A shooting in Montreal has left three people dead, reigniting the debate over gun control in North America. According to sources, the attack occurred in a residential neighbourhood late last night. The victims are yet to be identified. Police have one suspect in custody.
Meanwhile, in the United Kingdom, such mass shootings are a rarity. This is not a matter of luck. It is a matter of law. The UK's Firearms Act 1968 and subsequent amendments have established some of the strictest gun ownership regulations in the world. To own a firearm in Britain, you must prove a genuine reason, pass background checks, and have your weapon stored securely. Handguns are banned. Semi-automatic rifles are banned. The result: a rate of gun homicide that is a fraction of America's.
But the Montreal attack is a grim reminder of what happens when those laws are lax. In Canada, gun laws are more lenient than in the UK, though stricter than in the US. Yet three people are dead. The shooter's motive is unknown, but the weapon used was obtained legally, say police.
Documents uncovered by this newsroom show that the UK's approach is not just about saving lives. It is about dismantling the pipeline that funnels weapons from legal ownership to criminal hands. A 2023 Home Office report found that over 70% of firearms used in crimes were originally legally owned, before being sold or stolen. The UK's system of licensing and renewal makes it harder for those guns to go astray.
Critics argue that the UK's laws infringe on personal freedom. But freedom means little if you are dead. The three families in Montreal are not consoled by the shooter's rights. They have something else: a funeral to plan.
The UK's success is not accidental. It has the lowest rate of gun violence in the developed world. But complacency is a killer. Even with our laws, illegal firearms do seep in from abroad. The National Crime Agency reports a steady stream of smuggled weapons from Eastern Europe.

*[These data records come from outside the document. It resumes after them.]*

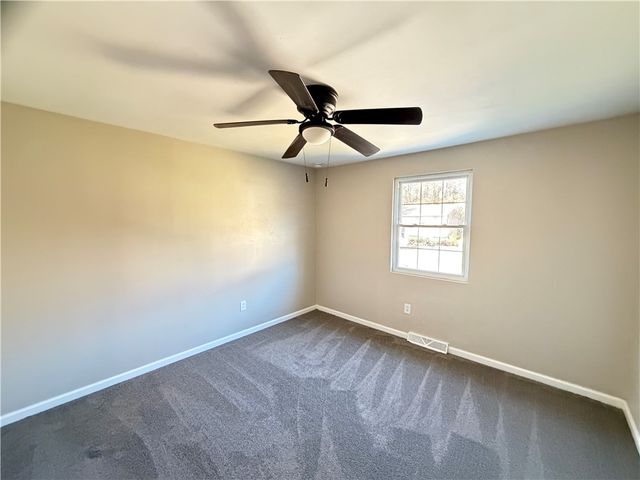 329 Golden Gate Dr., Verona, PA 15147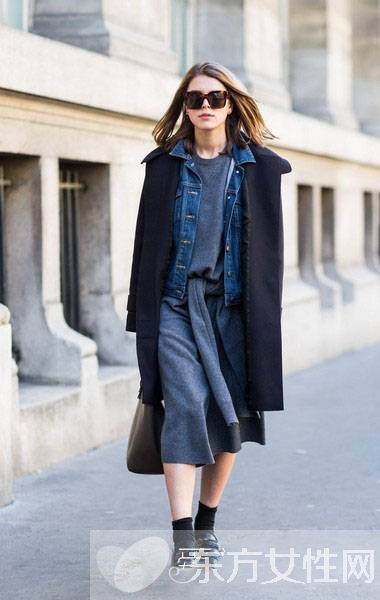 羊毛連衣裙怎么穿好看 即時(shí)尚又保暖的最佳穿法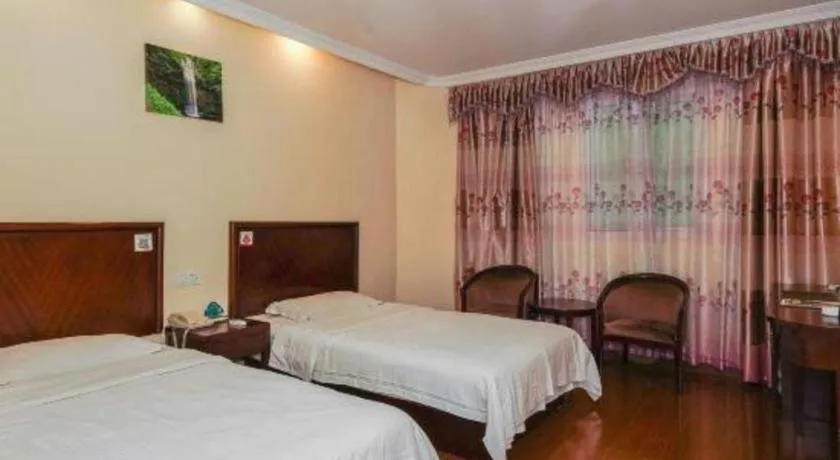 Bed in GreenTree Inn Suzhou Wujiang Zhenze Town Zhennan Road Express Hotel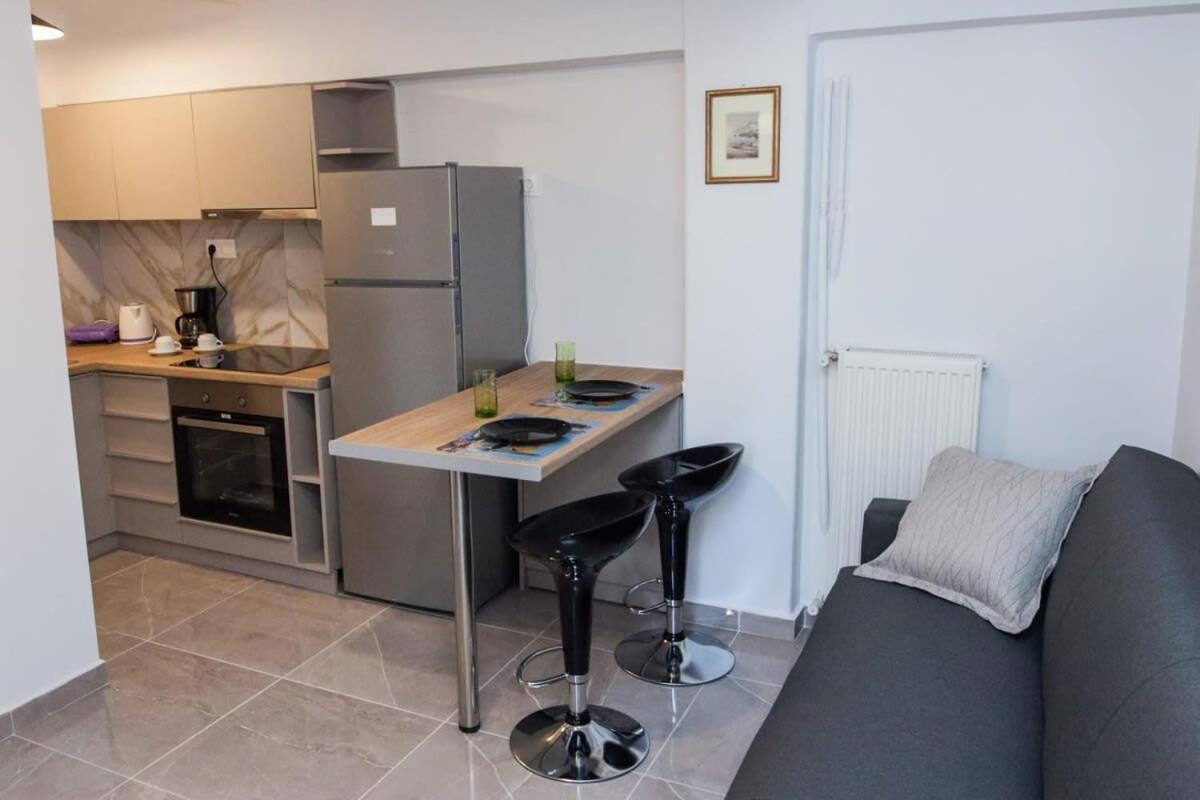 Charming Urban Oasis 1BR Apt near Megaro Mousikis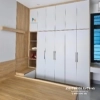 Cận cảnh chiếc tủ cưới 2 tầng, 1 ô trang trí, chất liệu gỗ MDF, kích thước 2m4x2m6, thân màu gỗ vàng, cánh màu trắng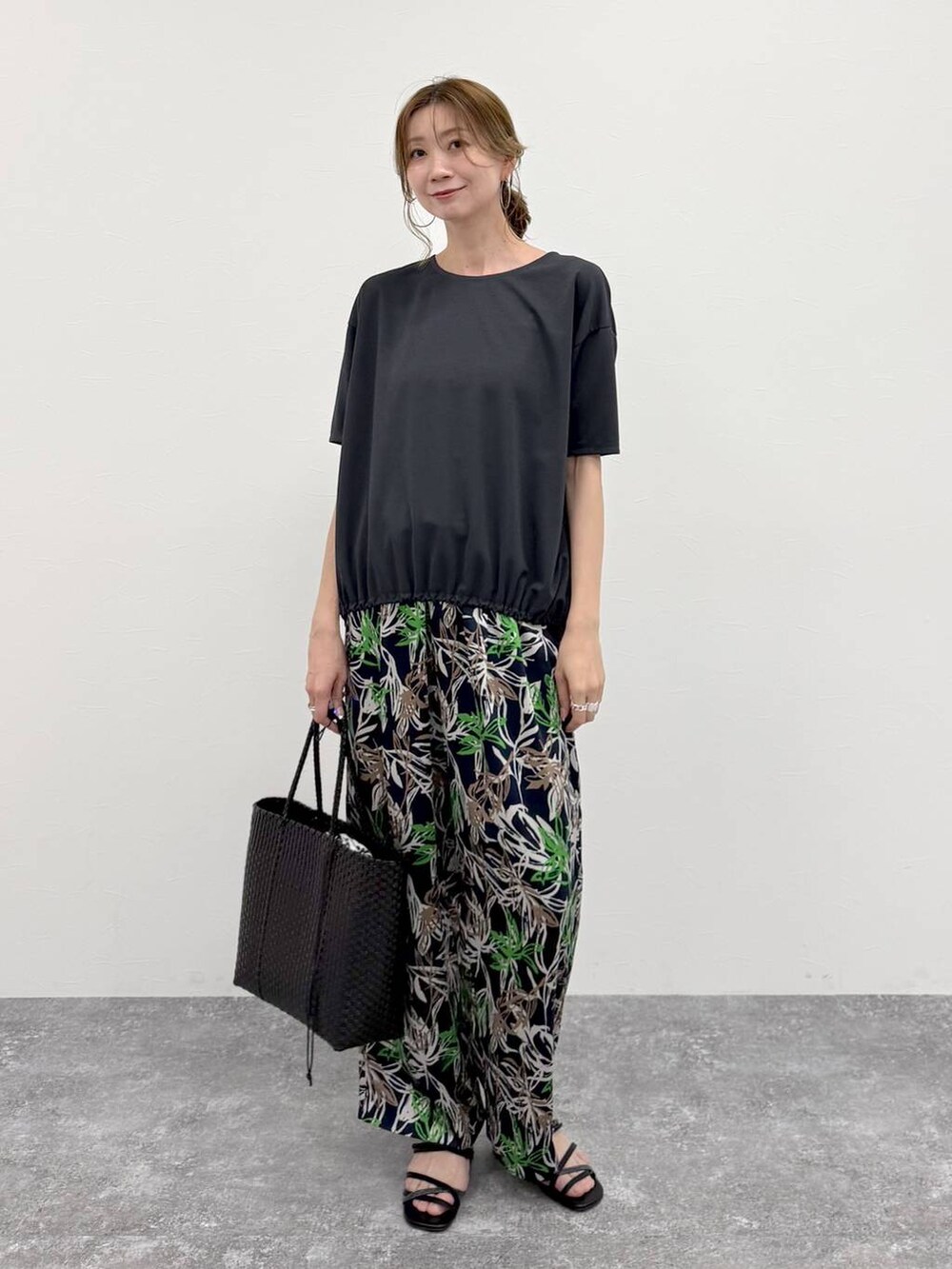グレー系のシャツ/ブラウス、ブルー系のその他パンツ、ブラック系のかごバッグを着用したレディースの春コーディネートの2枚目の写真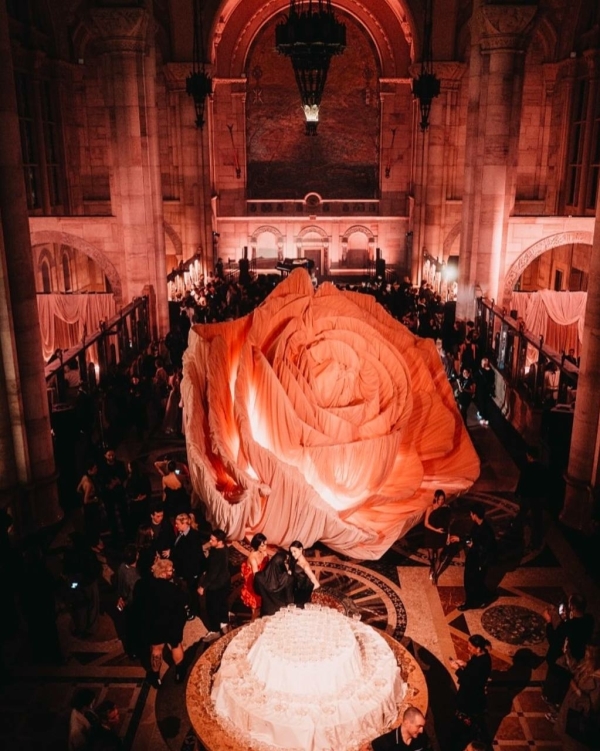 Шестиметровая роза на ужине Magda Butrym и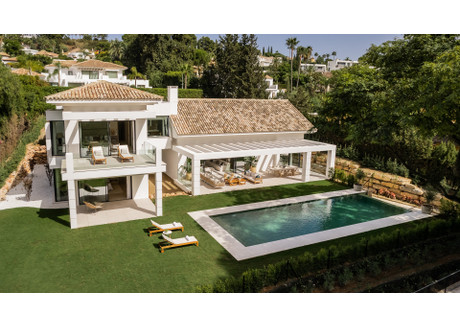 Dom na sprzedaż - Plaza de la Victoria, Marbella, Hiszpania, 805 m², 6 702 816 USD (27 816 687 PLN), NET-102530946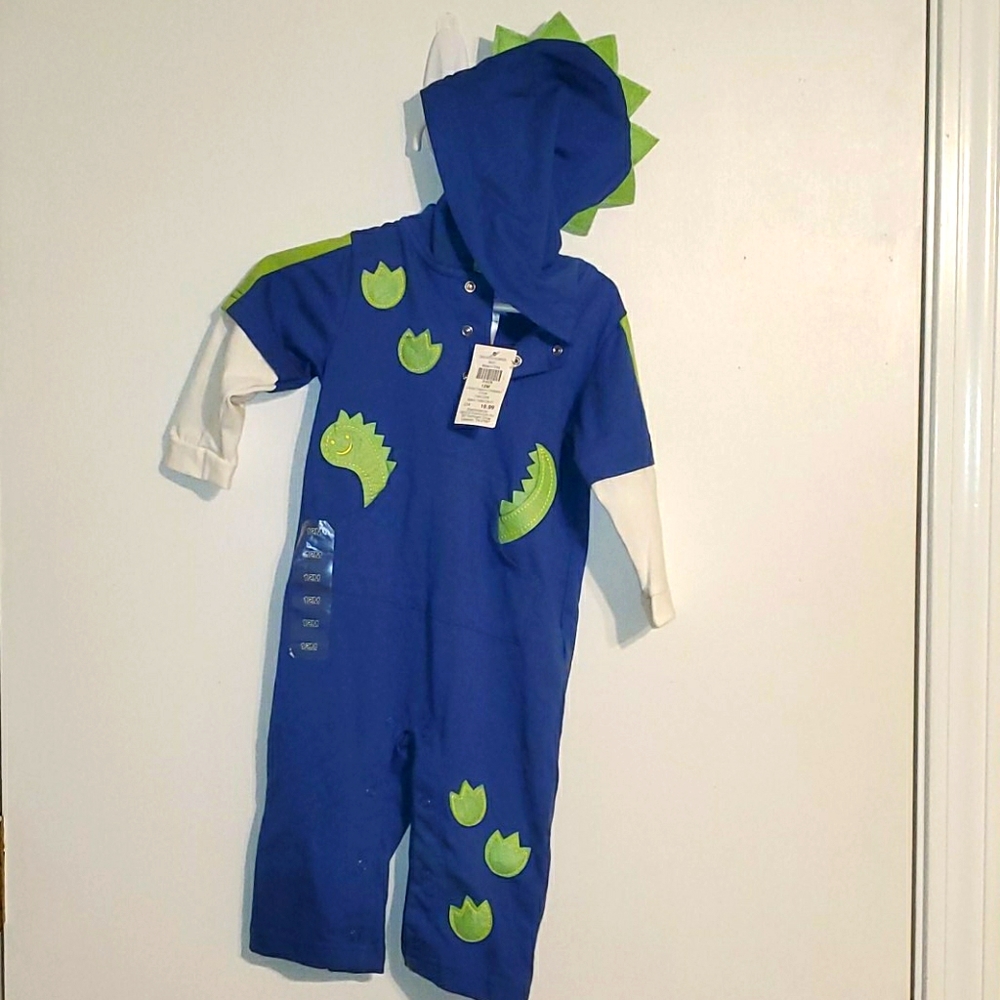 New 12mo dinosaur hooded one piece long sleeve outfit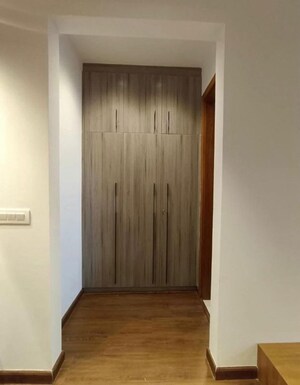 Room in 2 BHK Apartment at DLF Cyber Park, Sector 20 – for Rent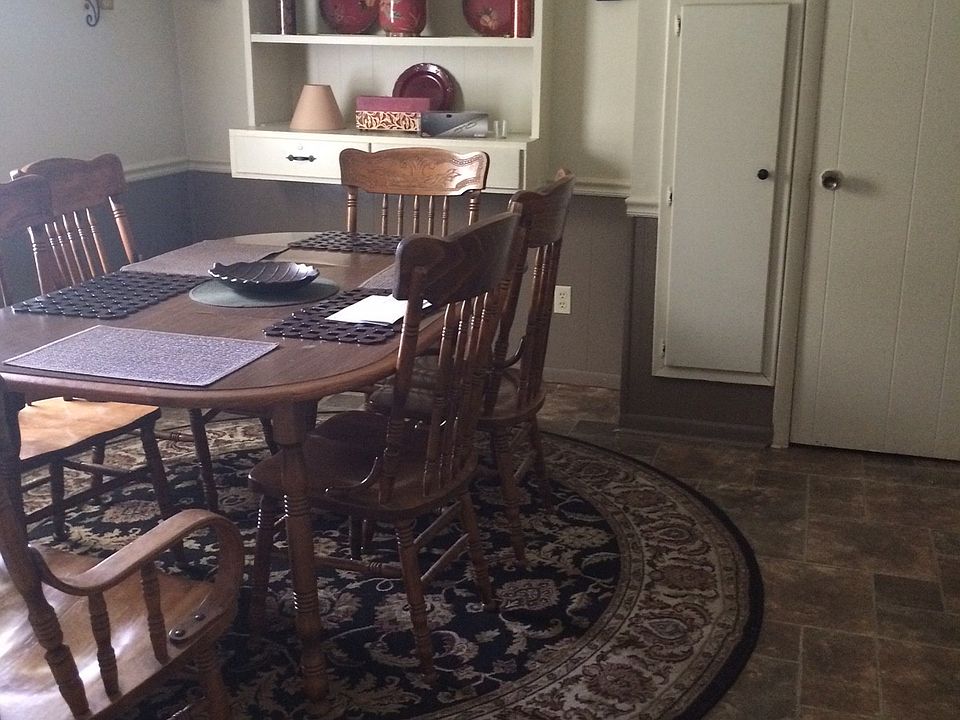 2nd image of 3694 Seawell St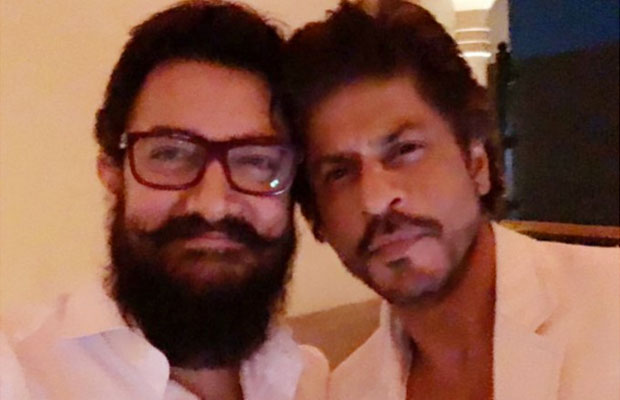 After 25 Years! Shah Rukh Khan And Aamir Khan’s This Selfie Photo Is Breaking The Internet!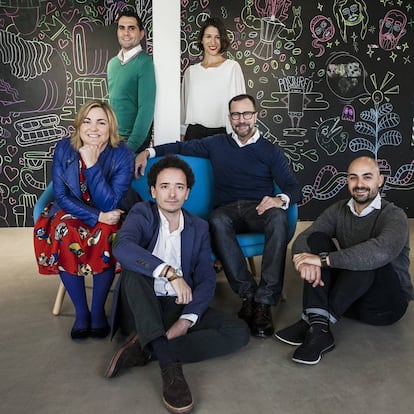 David Troya and Izanami Martínez (standing up); Sira Pérez de la Coba and James Costos (sitting); and Miguel Arias and Lluc Martí (on the floor).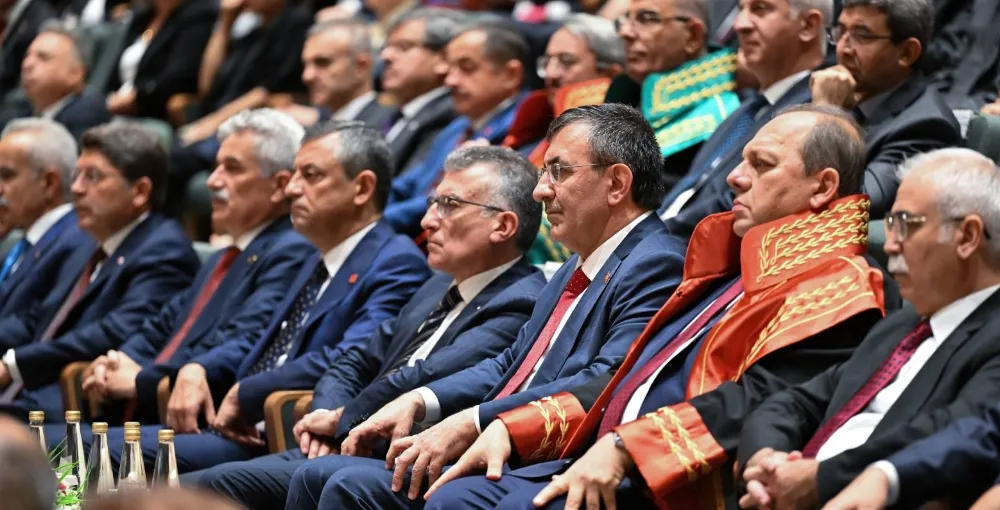 ADLİ YIL’DA SERT MESAJ: CEVDET YILMAZ, CHP LİDERİ ÖZGÜR ÖZEL’E YARGI UYARISI YAPTI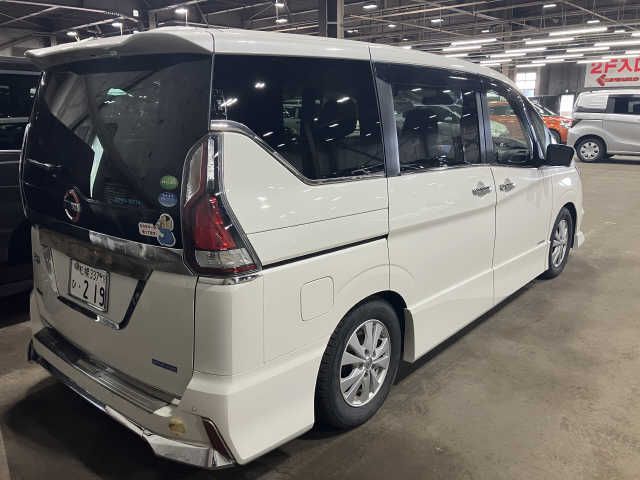 SERENA S-HYBRID 4WD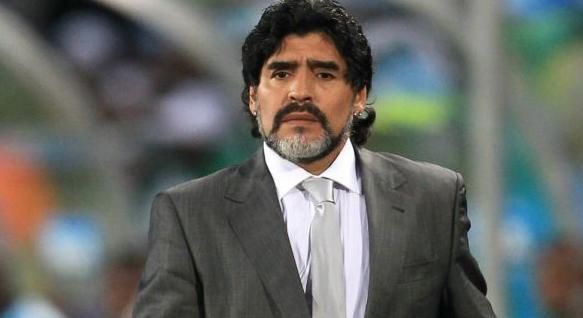 Maradona: denuncia mazzette nella FIFA, e l’ammonizione per il presidente Michel Platini article-post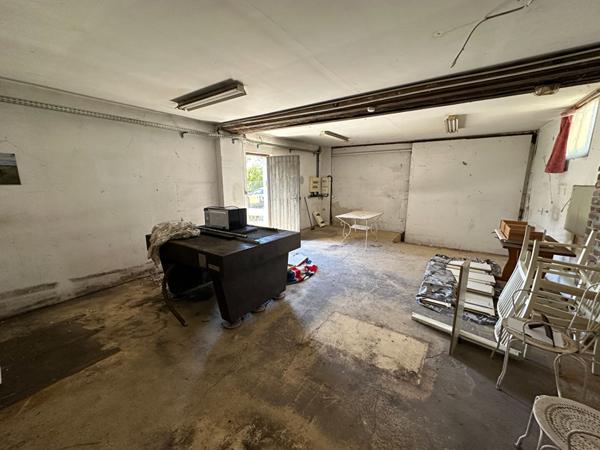 Maison Chaumont en Vexin 7 pièce(s) 238.74 m2/ 5 chambres/ Dépendances / Grange/ terrain 3500 m²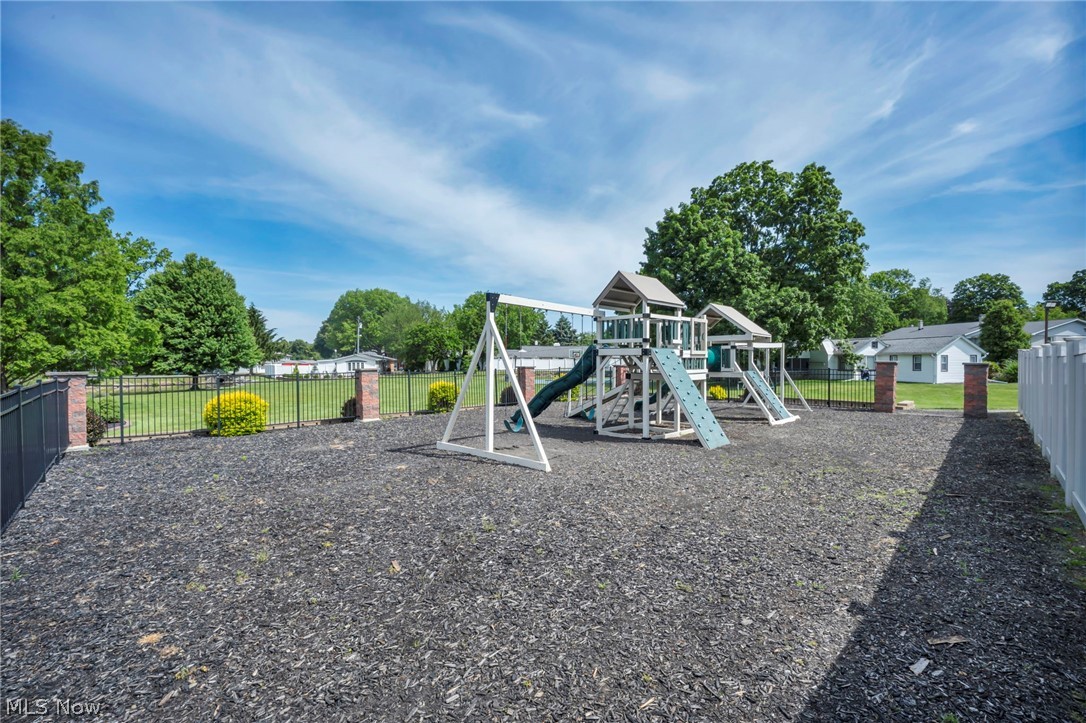 7 Meadowlawn Drive Mentor OH 44060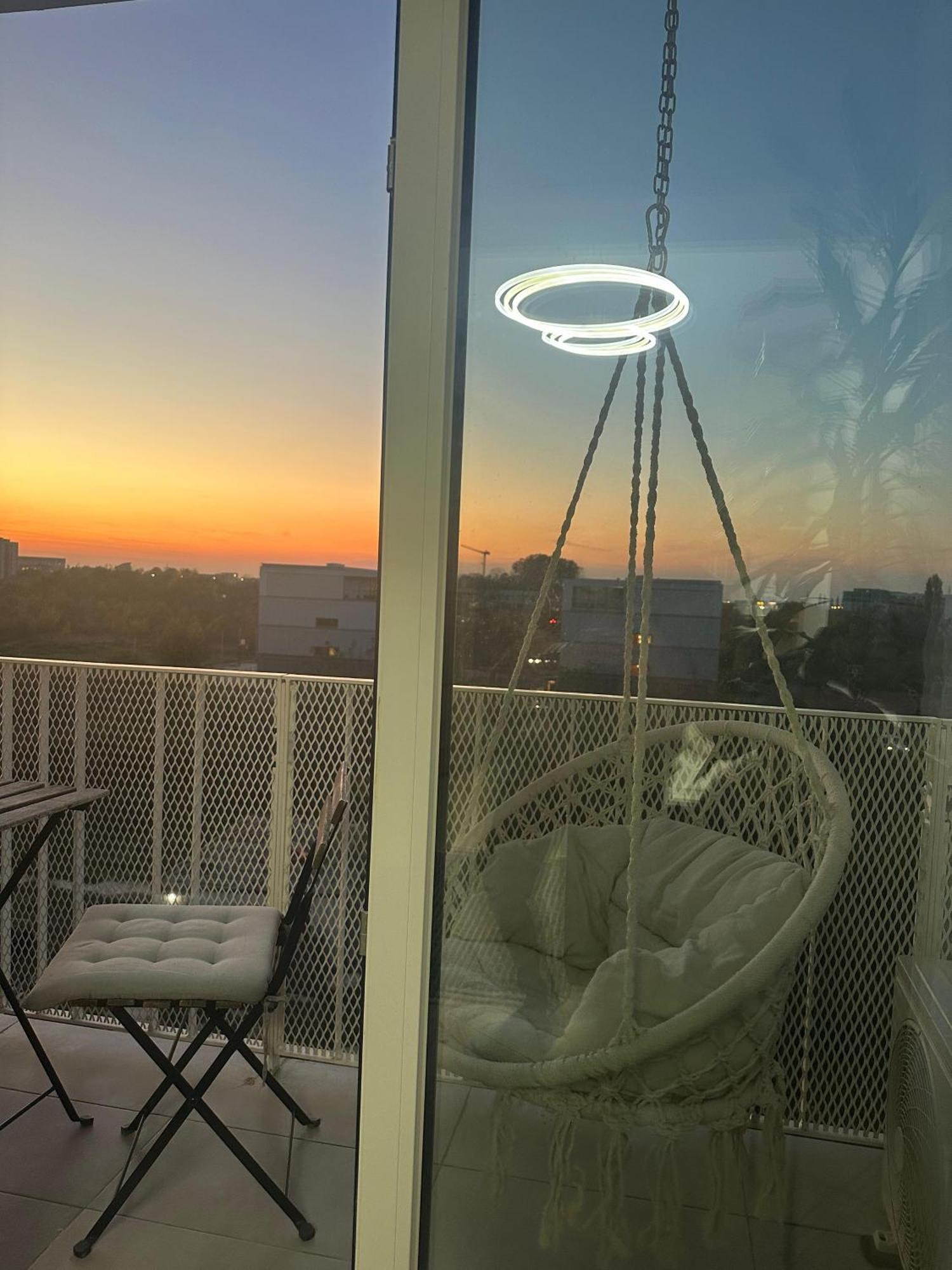 Japanese Studio With Hammock And Sunset View Timisoara Bagian luar foto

For now, though, the UK can look at Montreal and know that the same tragedy is far less likely here. A source inside the Metropolitan Police told me: "We have our problems, but this isn't one of them."
The Montreal shooting is a tragedy. But it is also a lesson. A lesson that the rest of the world refuses to learn. The UK has shown it is possible to stop the carnage. The question is: how many more must die before others follow?